Trace-Level Analysis of Information Contamination in Multi-Agent Systems

arXiv cs.AI / 5/1/2026

📰 NewsIdeas & Deep AnalysisModels & Research

Key Points

  • The paper studies how uncertainty in multi-agent workflows that reason over heterogeneous artifacts (e.g., PDFs, spreadsheets, slide decks) can “contaminate” agent behavior by altering decomposition and routing decisions.
  • It treats uncertainty as a controllable variable by injecting structured perturbations into artifact-derived representations and then running fixed workflows with comprehensive logging to measure contamination via trace divergence.
  • Across 614 paired runs on 32 GAIA tasks using three language models, the authors find a decoupling where agent traces can diverge substantially while still recovering correct answers, or remain similar while yielding incorrect outputs.
  • The work identifies three contamination manifestation types—silent semantic corruption, behavioral detours with recovery, and combined structural disruption—and links each to distinct control-flow signatures.
  • The study also evaluates operational costs and explains why common verification guardrails often fail, while contributing a taxonomy and a trace-based framework for detecting and localizing contamination across agent interactions.

Abstract

Reasoning over heterogeneous artifacts (PDFs, spreadsheets, slide decks, etc.) increasingly occurs within structured agent workflows that iteratively extract, transform, and reference external information.
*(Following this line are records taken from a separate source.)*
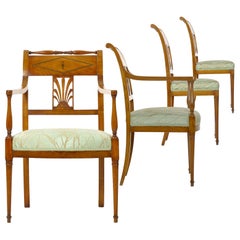 Antique Belgian Empire Carved Fruitwood Set of Four Chairs by Jean-Joseph Chapuis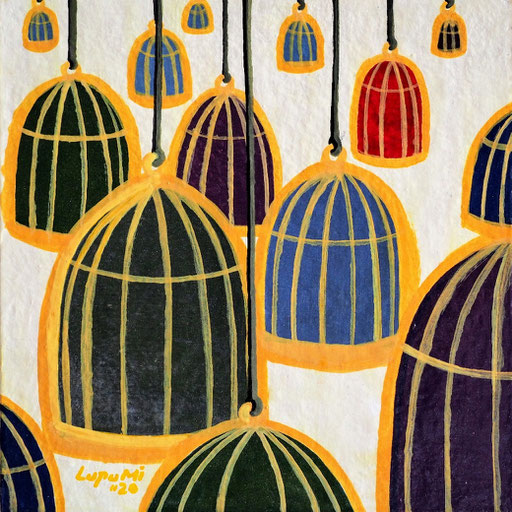 The fear of choosing brought us all in cages, tempera on cardboard, 2020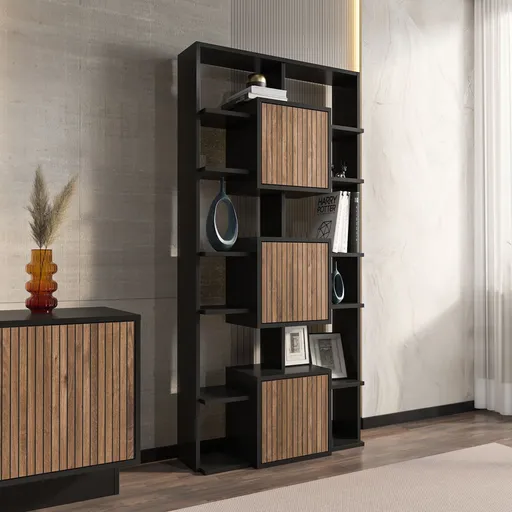 Corp biblioteca, Hanah Home, Monaco, 85x176x20 cm, Negru / Nuc deschis
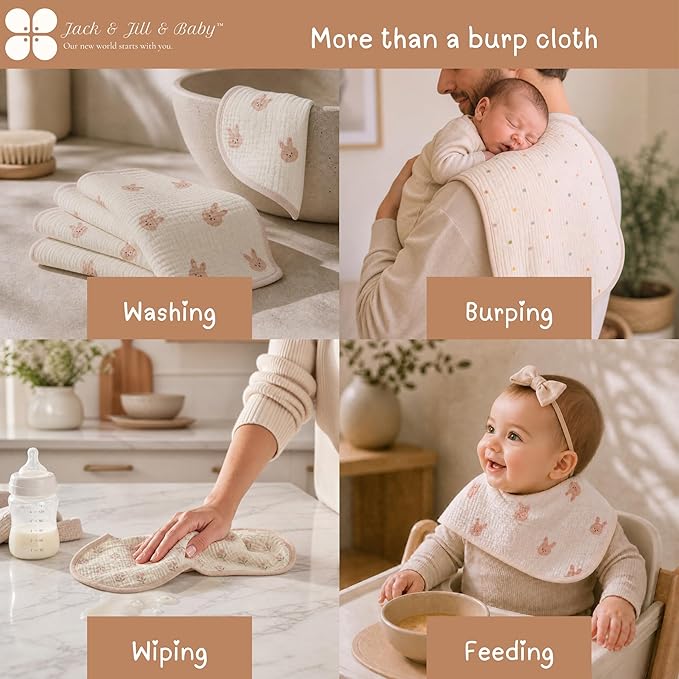 Jack & Jill & Baby Muslin Burp Cloths, 100% Cotton, 6-Pack, Large Soft Absorbent Baby Burp Rags for Newborns and Infants (Cotton Candy Garden (Bunny, Floral & Dots))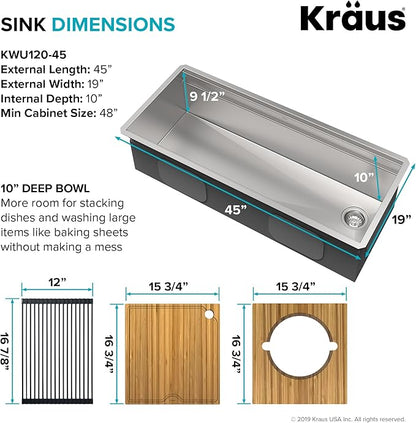 KRAUS Kore Workstation 45-inch Undermount 16 Gauge Stainless Steel Kitchen Sink, Single Bowl Kitchen Sink with Accessories, KWU120-45
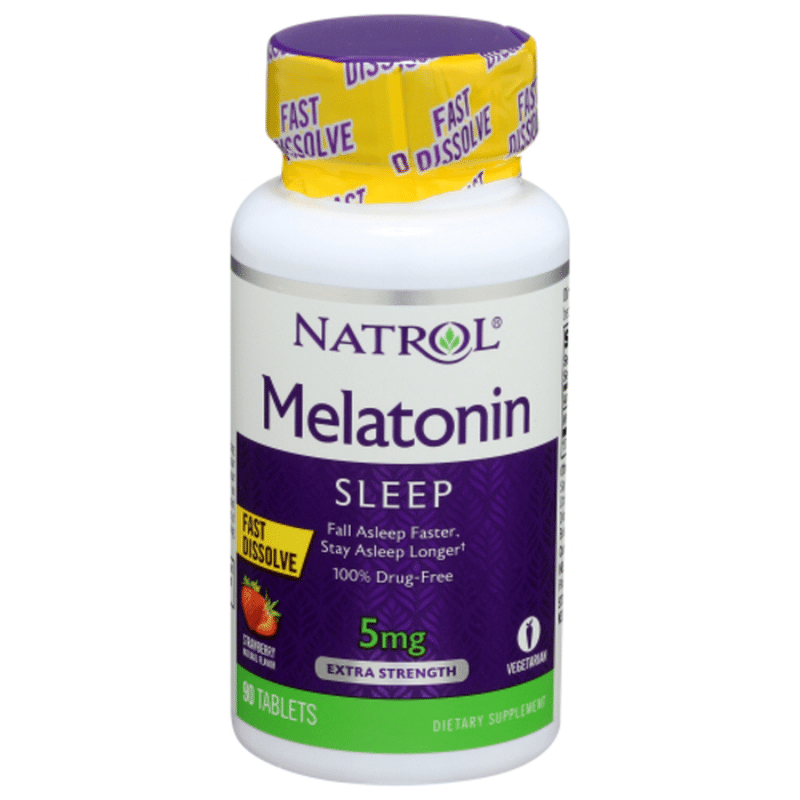 Natrol Melatonin, Sleep, Extra Strength, 5 mg, Tablets, Strawberry (90 ...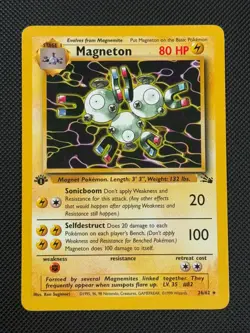 Magneton 26/62 1ST EDITION Pokemon Card WOTC Fossil Rare - Image 1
In these workflows, uncertainty is not merely an input-quality issue: it can redirect decomposition and routing decisions, reshape intermediate state, and produce qualitatively different execution trajectories. We study this phenomenon by treating uncertainty as a controlled variable: we inject structured perturbations into artifact-derived representations, execute fixed workflows under comprehensive logging, and quantify contamination via trace divergence in plans, tool invocations, and intermediate state. Across 614 paired runs on 32 GAIA tasks with three different language models, we find a decoupling: workflows may diverge substantially yet recover correct answers, or remain structurally similar while producing incorrect outputs. We characterize three manifestation types: silent semantic corruption, behavioral detours with recovery, and combined structural disruption and their control-flow signatures (rerouting, extended execution, early termination). We measure operational costs and characterize why commonly used verification guardrails fail to intercept contamination. We contribute (i) a formal taxonomy of contamination manifestations in structured workflows, (ii) a trace-based measurement framework for detecting and localizing contamination across agent interactions, and (iii) empirical evidence with implications for targeted verification, defensive design, and cost control.